● WORK ITEM: Once you reach the line containing "Russische dagen van" in the entries below, write out that line and each one after it down to the line containing "Vintage Tall Yellow", exactly and with nothing added.
━━━
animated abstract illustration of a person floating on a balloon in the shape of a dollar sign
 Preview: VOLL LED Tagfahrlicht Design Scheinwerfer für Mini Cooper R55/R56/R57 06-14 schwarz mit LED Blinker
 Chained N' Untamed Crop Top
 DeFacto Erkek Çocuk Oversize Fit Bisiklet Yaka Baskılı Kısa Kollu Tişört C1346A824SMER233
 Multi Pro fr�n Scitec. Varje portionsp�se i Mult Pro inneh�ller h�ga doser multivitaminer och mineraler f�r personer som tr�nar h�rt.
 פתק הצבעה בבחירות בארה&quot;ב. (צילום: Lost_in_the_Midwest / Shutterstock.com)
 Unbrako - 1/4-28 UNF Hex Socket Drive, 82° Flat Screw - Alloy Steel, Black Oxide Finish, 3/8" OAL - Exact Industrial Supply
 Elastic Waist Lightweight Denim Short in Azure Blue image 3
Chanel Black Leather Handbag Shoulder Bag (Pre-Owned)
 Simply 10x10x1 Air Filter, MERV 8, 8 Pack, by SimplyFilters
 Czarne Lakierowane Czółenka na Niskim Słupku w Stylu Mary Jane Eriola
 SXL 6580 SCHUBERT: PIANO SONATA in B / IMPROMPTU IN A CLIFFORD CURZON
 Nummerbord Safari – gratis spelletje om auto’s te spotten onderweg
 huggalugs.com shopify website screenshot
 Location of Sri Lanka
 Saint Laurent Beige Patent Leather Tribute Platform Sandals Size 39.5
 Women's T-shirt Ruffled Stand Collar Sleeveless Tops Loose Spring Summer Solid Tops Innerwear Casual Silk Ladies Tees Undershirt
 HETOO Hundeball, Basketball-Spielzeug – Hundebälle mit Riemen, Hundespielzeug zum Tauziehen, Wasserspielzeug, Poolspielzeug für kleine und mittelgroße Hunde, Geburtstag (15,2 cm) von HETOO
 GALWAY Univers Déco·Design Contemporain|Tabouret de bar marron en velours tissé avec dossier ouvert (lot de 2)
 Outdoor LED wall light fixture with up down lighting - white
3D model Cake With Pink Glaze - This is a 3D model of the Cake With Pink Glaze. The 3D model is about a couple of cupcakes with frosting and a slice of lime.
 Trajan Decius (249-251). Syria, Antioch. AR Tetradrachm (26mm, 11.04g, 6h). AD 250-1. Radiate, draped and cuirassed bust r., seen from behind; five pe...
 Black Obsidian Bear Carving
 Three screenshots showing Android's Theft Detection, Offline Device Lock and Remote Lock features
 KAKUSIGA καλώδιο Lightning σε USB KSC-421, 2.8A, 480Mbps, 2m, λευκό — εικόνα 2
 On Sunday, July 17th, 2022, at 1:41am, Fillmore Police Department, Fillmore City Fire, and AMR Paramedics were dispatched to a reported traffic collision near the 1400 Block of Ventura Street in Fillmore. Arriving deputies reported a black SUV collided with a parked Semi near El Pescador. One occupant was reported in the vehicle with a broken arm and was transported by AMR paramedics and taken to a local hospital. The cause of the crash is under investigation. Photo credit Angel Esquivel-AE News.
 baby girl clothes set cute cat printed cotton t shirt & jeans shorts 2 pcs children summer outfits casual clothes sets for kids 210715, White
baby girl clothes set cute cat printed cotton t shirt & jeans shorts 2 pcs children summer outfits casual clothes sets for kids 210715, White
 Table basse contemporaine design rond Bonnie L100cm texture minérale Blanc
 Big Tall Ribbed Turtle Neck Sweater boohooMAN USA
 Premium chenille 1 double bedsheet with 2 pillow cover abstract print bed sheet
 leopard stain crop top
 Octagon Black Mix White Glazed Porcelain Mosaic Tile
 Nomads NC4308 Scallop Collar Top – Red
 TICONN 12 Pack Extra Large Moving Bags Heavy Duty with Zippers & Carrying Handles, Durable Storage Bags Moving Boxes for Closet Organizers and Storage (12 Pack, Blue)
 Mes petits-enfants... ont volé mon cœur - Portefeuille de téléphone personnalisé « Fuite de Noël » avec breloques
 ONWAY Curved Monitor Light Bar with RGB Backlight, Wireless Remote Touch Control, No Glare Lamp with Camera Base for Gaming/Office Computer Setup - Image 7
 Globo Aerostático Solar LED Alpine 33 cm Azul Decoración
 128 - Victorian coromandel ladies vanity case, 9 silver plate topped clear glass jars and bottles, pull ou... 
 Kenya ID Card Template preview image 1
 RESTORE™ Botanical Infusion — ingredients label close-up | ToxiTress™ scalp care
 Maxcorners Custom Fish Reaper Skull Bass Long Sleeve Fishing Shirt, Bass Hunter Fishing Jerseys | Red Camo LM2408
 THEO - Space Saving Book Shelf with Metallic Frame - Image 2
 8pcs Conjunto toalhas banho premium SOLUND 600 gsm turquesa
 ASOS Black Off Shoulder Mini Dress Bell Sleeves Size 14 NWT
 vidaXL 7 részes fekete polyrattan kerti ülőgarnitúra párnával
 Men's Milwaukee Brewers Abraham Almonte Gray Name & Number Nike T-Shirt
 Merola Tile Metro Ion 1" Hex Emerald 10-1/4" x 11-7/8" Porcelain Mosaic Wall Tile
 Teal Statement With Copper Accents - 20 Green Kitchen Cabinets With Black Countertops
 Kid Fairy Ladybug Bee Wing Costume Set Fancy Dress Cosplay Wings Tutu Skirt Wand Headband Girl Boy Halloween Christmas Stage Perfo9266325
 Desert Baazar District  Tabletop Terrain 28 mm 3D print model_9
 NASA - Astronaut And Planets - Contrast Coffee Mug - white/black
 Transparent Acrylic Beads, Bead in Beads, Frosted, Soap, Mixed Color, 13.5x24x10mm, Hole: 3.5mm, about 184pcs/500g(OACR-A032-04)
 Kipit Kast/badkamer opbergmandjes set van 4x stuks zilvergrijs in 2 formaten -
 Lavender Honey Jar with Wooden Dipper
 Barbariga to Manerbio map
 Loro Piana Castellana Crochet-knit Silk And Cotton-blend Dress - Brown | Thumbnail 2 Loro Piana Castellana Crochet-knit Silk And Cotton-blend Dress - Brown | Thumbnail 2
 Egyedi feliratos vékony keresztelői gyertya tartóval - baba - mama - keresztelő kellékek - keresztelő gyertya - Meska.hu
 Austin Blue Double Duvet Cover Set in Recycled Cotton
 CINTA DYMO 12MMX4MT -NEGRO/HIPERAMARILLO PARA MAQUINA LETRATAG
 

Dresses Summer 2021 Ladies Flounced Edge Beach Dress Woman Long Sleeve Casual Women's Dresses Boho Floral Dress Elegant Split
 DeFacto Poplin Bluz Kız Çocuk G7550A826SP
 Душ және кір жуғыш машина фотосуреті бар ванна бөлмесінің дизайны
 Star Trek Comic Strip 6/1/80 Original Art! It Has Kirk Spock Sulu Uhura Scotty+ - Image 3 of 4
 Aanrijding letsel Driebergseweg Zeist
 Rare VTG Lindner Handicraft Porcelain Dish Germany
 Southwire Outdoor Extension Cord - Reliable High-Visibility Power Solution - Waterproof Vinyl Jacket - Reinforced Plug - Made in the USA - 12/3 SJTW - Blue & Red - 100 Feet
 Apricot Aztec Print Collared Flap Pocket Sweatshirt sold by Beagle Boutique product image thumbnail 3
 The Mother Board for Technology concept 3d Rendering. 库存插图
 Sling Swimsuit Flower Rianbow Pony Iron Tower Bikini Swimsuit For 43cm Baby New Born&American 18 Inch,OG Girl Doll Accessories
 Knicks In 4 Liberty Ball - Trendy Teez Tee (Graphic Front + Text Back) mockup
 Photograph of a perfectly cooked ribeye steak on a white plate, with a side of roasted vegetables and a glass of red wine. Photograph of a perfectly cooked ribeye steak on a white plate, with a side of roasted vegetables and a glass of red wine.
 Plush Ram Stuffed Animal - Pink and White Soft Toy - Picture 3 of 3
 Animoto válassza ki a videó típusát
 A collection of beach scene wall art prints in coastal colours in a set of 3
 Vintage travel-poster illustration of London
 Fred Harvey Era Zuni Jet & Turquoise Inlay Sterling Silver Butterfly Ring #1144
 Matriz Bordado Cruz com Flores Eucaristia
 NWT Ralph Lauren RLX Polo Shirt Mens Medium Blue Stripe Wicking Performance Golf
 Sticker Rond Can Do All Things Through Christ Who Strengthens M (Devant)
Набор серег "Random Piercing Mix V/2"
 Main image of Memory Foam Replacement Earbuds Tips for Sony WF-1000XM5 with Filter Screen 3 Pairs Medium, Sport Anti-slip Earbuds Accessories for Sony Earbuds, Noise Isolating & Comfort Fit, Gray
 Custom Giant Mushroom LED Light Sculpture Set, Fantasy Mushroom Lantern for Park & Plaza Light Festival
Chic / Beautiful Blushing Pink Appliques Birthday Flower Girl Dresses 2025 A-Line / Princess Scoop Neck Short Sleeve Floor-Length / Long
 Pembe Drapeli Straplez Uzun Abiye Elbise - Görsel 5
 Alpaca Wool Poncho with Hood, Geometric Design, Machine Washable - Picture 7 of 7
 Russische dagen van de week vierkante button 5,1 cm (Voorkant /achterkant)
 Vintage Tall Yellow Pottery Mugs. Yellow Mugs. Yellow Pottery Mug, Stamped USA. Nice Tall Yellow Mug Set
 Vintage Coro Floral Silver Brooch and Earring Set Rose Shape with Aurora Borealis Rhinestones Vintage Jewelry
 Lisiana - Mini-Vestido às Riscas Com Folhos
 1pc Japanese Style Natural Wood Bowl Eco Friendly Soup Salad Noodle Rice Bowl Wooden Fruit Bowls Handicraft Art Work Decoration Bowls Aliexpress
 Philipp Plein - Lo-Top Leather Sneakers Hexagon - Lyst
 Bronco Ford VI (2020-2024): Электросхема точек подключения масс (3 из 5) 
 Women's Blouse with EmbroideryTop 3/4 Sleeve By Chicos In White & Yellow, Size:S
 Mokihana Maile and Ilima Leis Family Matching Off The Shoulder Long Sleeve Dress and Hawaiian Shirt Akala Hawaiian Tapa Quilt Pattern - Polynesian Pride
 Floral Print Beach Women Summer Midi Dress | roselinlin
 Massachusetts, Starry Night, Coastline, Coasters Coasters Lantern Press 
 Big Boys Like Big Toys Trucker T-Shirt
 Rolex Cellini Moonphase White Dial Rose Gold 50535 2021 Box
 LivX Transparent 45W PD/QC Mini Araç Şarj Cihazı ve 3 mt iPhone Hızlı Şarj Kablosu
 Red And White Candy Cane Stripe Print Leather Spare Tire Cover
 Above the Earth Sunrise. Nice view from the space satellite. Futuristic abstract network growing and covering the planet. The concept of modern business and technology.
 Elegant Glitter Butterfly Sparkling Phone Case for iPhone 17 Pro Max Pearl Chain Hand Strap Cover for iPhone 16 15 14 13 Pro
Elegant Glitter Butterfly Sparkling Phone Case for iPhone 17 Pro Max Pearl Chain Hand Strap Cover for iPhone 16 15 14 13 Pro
━━━
● RESULT:
 Russische dagen van de week vierkante button 5,1 cm (Voorkant /achterkant)
 Vintage Tall Yellow Pottery Mugs. Yellow Mugs. Yellow Pottery Mug, Stamped USA. Nice Tall Yellow Mug Set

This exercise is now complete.